* **Task instructions**: Restate all data exactly. No images.

* **Data block**:
* * * *

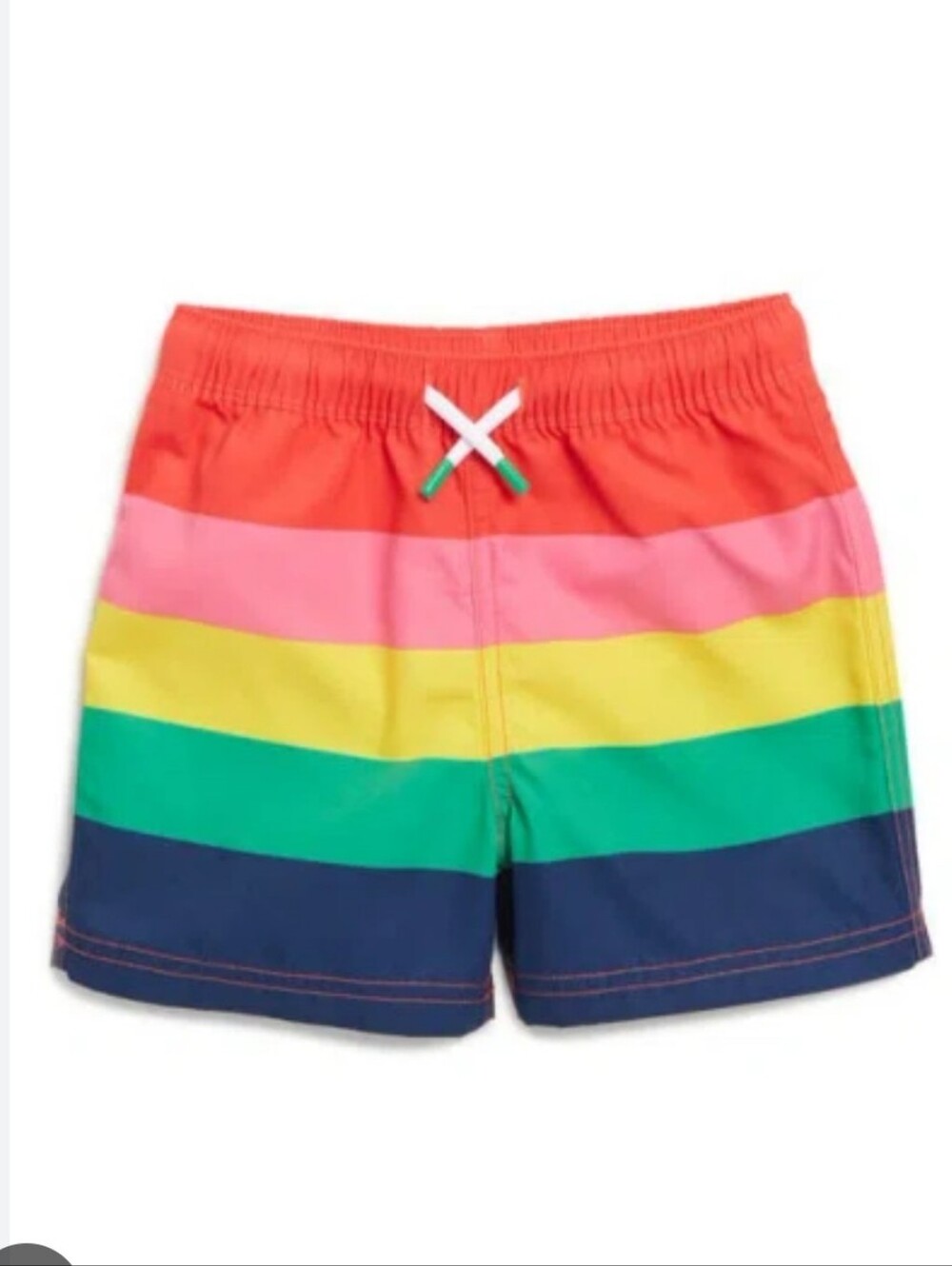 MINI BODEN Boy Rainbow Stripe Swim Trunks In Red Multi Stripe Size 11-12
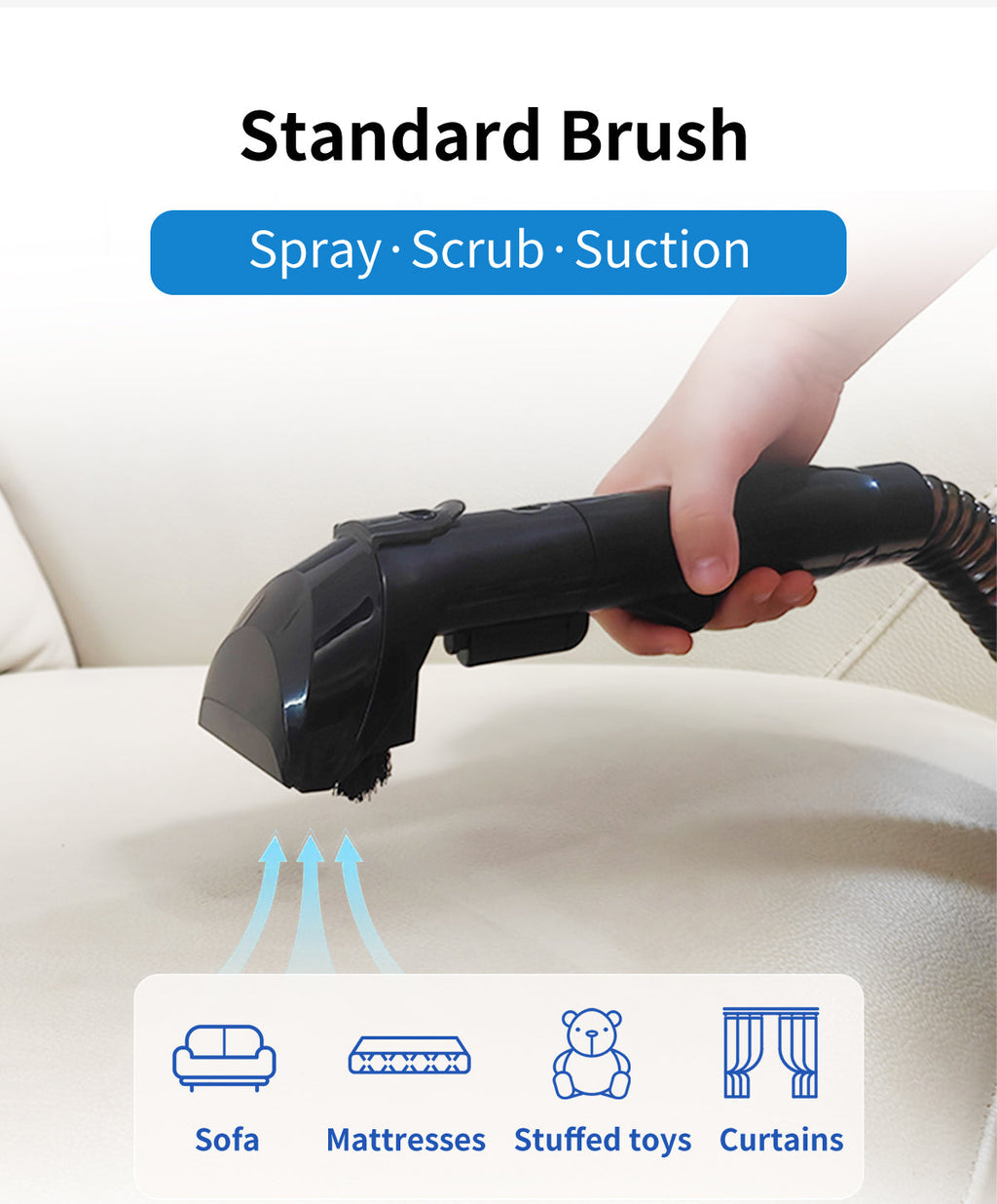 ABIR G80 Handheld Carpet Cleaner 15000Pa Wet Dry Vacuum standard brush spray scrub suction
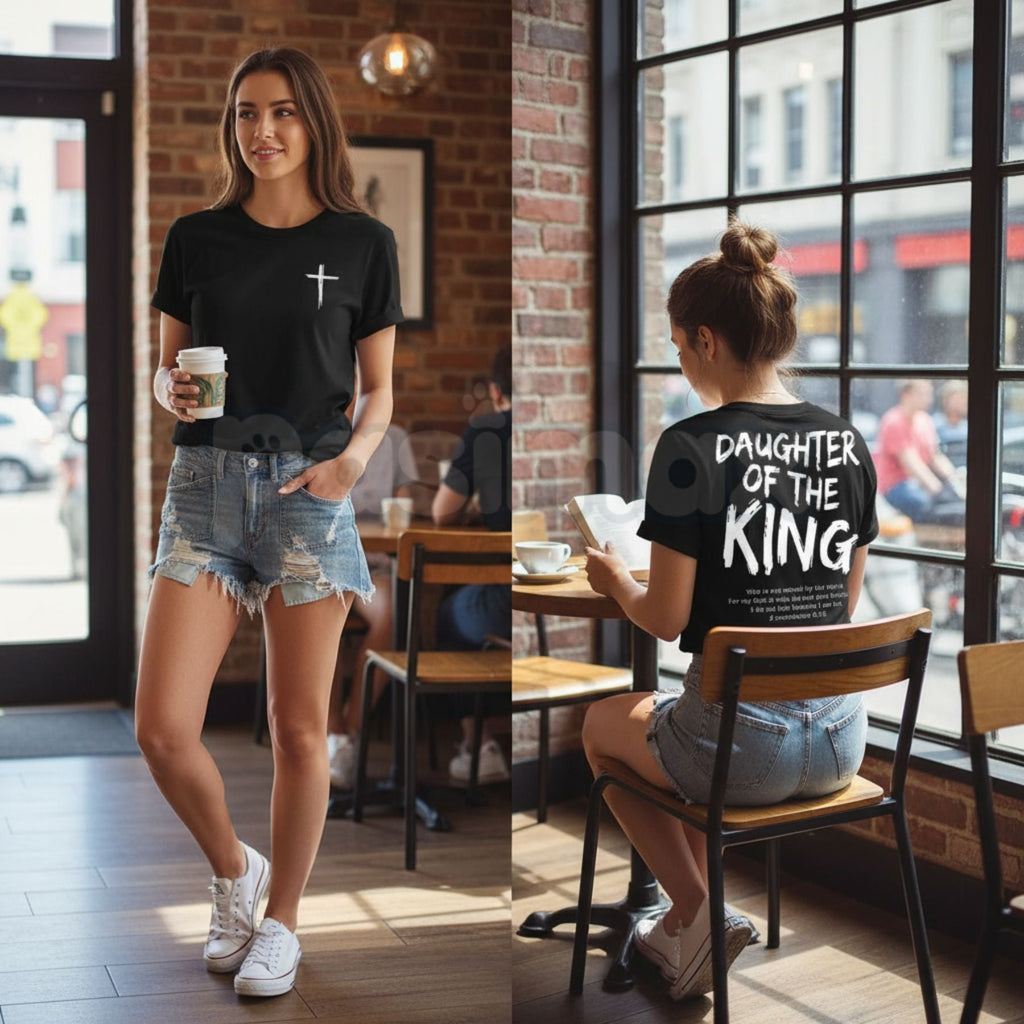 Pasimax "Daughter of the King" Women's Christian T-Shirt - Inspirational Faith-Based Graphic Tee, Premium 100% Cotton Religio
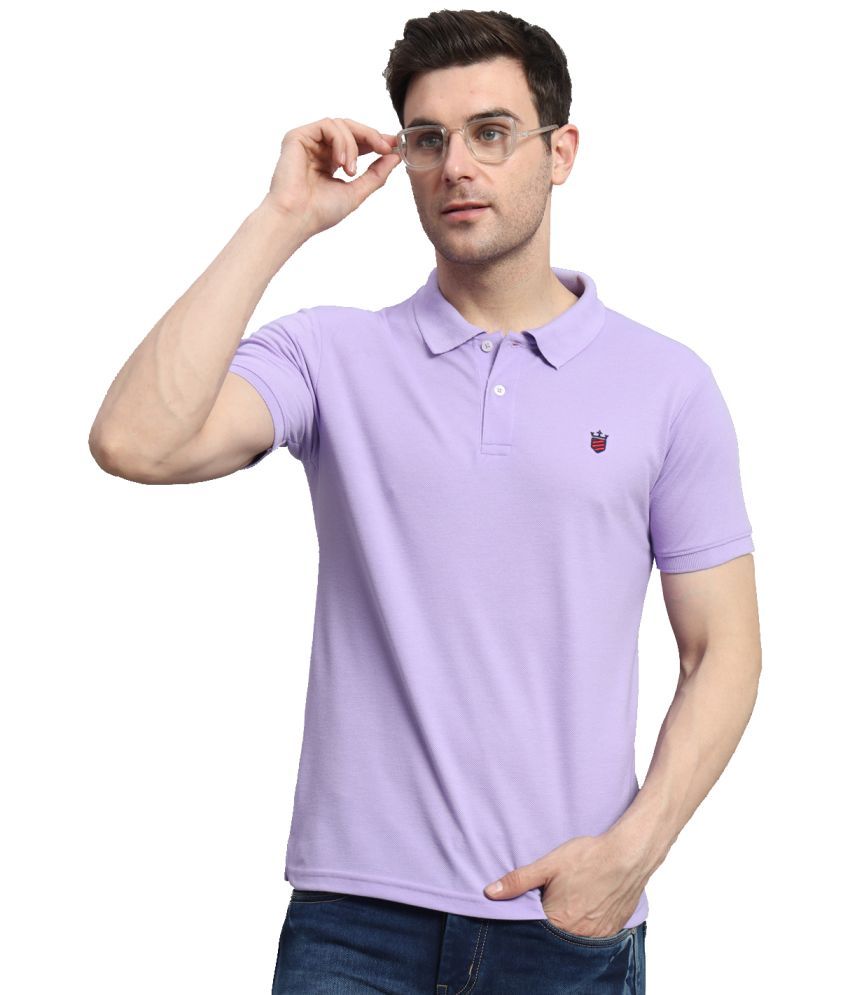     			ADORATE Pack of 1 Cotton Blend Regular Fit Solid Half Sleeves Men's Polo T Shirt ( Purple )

* * * *

* **Result of this task**:
 MINI BODEN Boy Rainbow Stripe Swim Trunks In Red Multi Stripe Size 11-12
 ABIR G80 Handheld Carpet Cleaner 15000Pa Wet Dry Vacuum standard brush spray scrub suction
 Pasimax "Daughter of the King" Women's Christian T-Shirt - Inspirational Faith-Based Graphic Tee, Premium 100% Cotton Religio
     			ADORATE Pack of 1 Cotton Blend Regular Fit Solid Half Sleeves Men's Polo T Shirt ( Purple )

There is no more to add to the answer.